# How does my chain length look?



## racerjake (Oct 21, 2004)

Hey folks,
View attachment 84209


View attachment 84210


View attachment 84211


I just rebuilt my bike with Rival. It was truly a pleasure to hang these nice parts. 

I was pretty conservative when I installed the chain. The "Big-Big + 2 links" formula from the SRAM site seems a tad short. 

Take a look at the two pics and let me know if you think I'm ok. One is with the bike in the 53x23 (i'm running and Ultegra 12x25), the other is in the 39x12. It seems ok but I haven't put the bike through any races or on any bumpy roads.

The last pic is in case you're curious about the whole build. I decided to get my old crusty ICE repainted, slap on the Rival parts, new bars & stem, and try to get a couple of more seasons out of the thing.

-Jake

www.mranchorman.com


----------



## Mark McM (Jun 18, 2005)

That second photo looks like you are in the 13 sprocket, not the 12.

In general, it looks okay. In the first photo it looks like you could get it up into the 53/25 if you had to (not that you'd do it intentionally, but it is good to have the extra capacity if you ever shifted it up there accidentally). It looks it might be a bit more marginal at the other end; if you shifted into the 39/12, the bottom run of the chain might drag on the derailleur cage. This is a bit more benign (it usually just results in some noisiness), but it would still be best to avoid this.

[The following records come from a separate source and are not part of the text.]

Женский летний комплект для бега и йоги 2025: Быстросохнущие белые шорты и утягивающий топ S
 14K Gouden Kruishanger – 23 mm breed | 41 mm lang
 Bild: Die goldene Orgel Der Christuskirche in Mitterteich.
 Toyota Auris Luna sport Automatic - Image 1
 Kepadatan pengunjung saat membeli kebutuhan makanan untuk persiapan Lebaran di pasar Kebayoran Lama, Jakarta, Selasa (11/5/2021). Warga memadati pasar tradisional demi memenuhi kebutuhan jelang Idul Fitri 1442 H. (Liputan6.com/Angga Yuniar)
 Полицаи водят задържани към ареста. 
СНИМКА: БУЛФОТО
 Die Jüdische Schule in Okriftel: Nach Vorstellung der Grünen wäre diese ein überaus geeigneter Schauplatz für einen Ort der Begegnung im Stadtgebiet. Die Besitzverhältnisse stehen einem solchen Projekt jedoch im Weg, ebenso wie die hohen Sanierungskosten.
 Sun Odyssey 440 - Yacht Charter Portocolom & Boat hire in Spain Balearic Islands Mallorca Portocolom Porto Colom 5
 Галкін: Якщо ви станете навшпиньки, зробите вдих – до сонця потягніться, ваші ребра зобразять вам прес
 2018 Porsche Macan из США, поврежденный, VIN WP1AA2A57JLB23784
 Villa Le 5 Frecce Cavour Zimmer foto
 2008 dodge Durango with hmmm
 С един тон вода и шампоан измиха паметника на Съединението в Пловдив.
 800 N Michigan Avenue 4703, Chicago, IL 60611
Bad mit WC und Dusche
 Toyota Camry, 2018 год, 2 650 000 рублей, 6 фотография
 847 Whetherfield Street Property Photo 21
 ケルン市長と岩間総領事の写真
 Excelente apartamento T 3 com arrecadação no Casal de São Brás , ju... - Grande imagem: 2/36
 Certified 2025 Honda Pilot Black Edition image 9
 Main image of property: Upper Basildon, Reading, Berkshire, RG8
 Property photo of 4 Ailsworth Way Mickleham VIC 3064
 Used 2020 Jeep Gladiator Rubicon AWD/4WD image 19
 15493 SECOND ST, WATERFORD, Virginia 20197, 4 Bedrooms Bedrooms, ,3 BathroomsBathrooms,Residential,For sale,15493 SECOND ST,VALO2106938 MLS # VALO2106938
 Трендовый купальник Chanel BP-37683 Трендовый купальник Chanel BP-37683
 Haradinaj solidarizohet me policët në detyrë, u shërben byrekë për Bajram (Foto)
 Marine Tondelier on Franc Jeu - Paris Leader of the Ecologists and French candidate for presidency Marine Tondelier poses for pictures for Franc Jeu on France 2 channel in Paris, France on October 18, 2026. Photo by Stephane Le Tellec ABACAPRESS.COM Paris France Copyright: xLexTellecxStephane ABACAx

If you can drop it into the 12 without the chain dragging, you're good to go. If you the chain does drag in the 39/12, you might want to investigate if it is possible to take out a pair of links, and still get it up into the 53/25 without the chain being so tight that it threatens to rip the derailleur off. If you can't take out the extra links, then you'll just have to live with the noisy reminder when you (accidently) drop it into the 39/12.


----------



## masshysteria (Jan 26, 2007)

Looks okay. Does it run okay? That's the real test.

I've been running big + big + 2 on my cross bike for awhile and haven't had any problems and can use the full range of cogs from either chain ring in a pinch.


----------



## Fivethumbs (Jul 26, 2005)

I tried the SRAM chain length method also and I felt like the chain was too short. It worked okay, but it seemed like there was a lot of pressure on the derailleur in the small front/big rear combo, where I do most of my climbing. 

I then used Leonard Zinn's method from his book (Zinn and the Art of Road Bike Maintenance) and I think the chain length works better. Zinn says to put the chain in the big front/small rear combo and the derailleur pulleys should be vertical.


----------



## racerjake (Oct 21, 2004)

I put in a good ride the other day (before the floods!) with a couple of hills and two sprints. The bike shifts great. I feel like I got these parts for a steal. I'd recommend the extra chain length. You can always take out a link--can't usually add one with these mushroomed chain pins.


----------